◆ Material supplied ◆
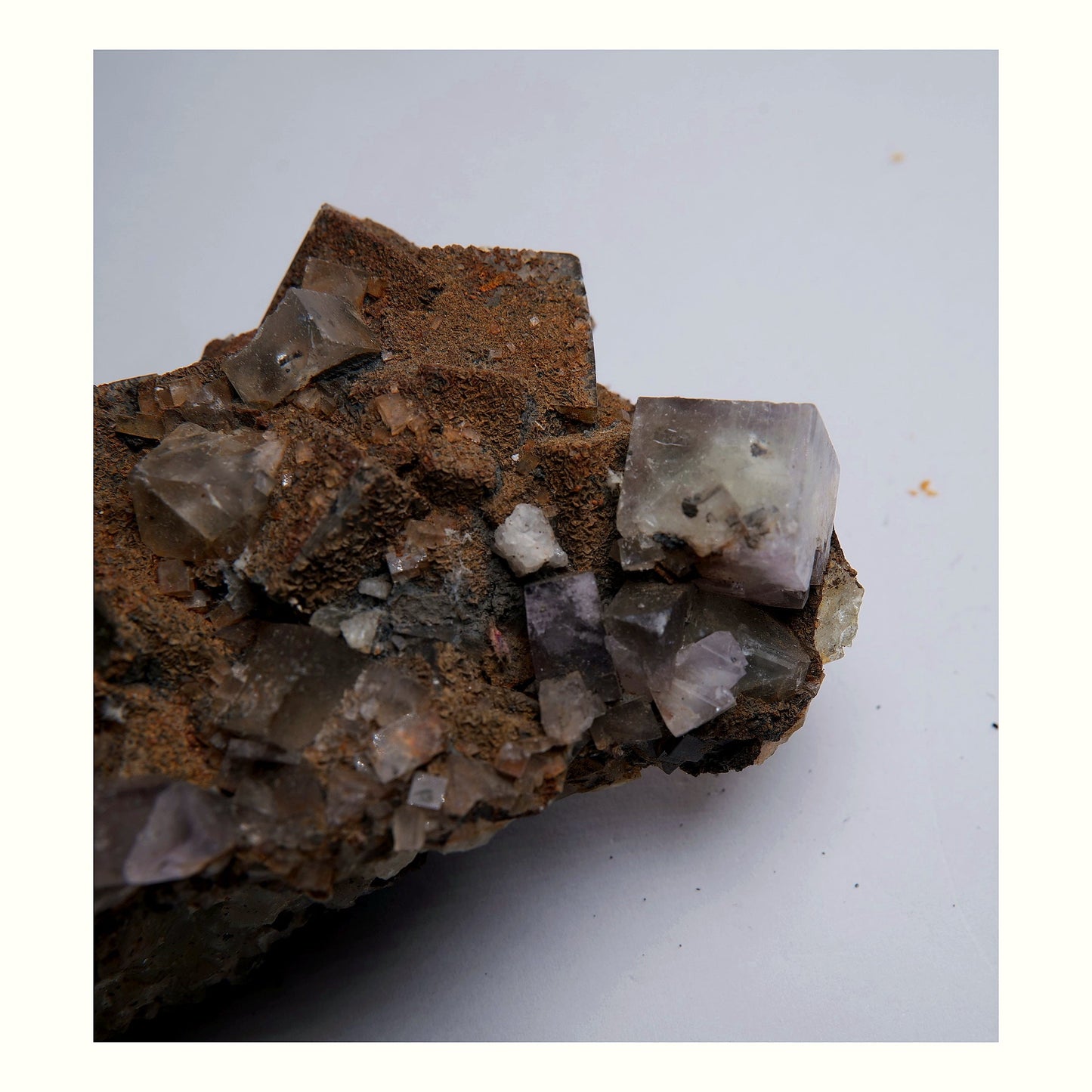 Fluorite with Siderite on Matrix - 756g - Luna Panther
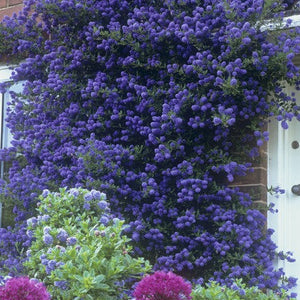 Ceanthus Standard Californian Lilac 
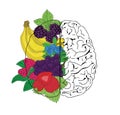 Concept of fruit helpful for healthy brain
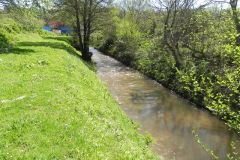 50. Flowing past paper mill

...

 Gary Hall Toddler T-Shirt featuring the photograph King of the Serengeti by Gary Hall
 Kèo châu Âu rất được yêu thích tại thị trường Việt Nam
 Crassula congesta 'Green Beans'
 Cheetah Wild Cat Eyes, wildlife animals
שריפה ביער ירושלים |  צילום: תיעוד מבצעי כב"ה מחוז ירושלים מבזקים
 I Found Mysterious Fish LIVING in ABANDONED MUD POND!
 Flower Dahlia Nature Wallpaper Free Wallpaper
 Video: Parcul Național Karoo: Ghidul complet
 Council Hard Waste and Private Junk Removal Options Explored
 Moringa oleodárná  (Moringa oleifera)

* * *

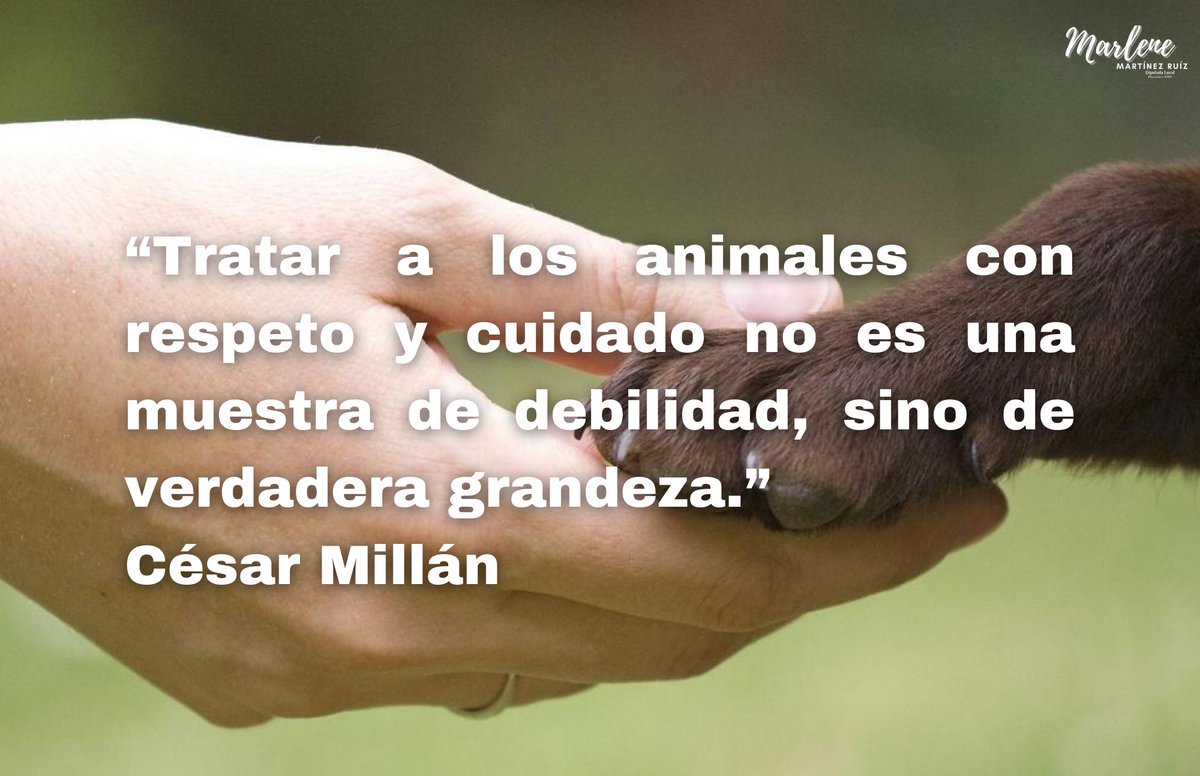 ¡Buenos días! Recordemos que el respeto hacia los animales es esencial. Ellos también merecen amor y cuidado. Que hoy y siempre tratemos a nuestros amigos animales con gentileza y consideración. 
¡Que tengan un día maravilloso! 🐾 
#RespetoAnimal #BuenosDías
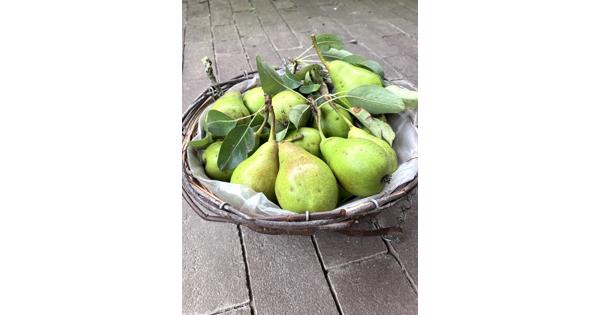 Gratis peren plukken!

◆ Exercise requirements ◆
When copying from the data above, print only the lines from the line containing "Ceanthus Standard Californian Lilac" to the line containing "50. Flowing past paper mill", exactly, and leave the pictures out.

◆ Solution ◆
 Ceanthus Standard Californian Lilac 
 Concept of fruit helpful for healthy brain
 50. Flowing past paper mill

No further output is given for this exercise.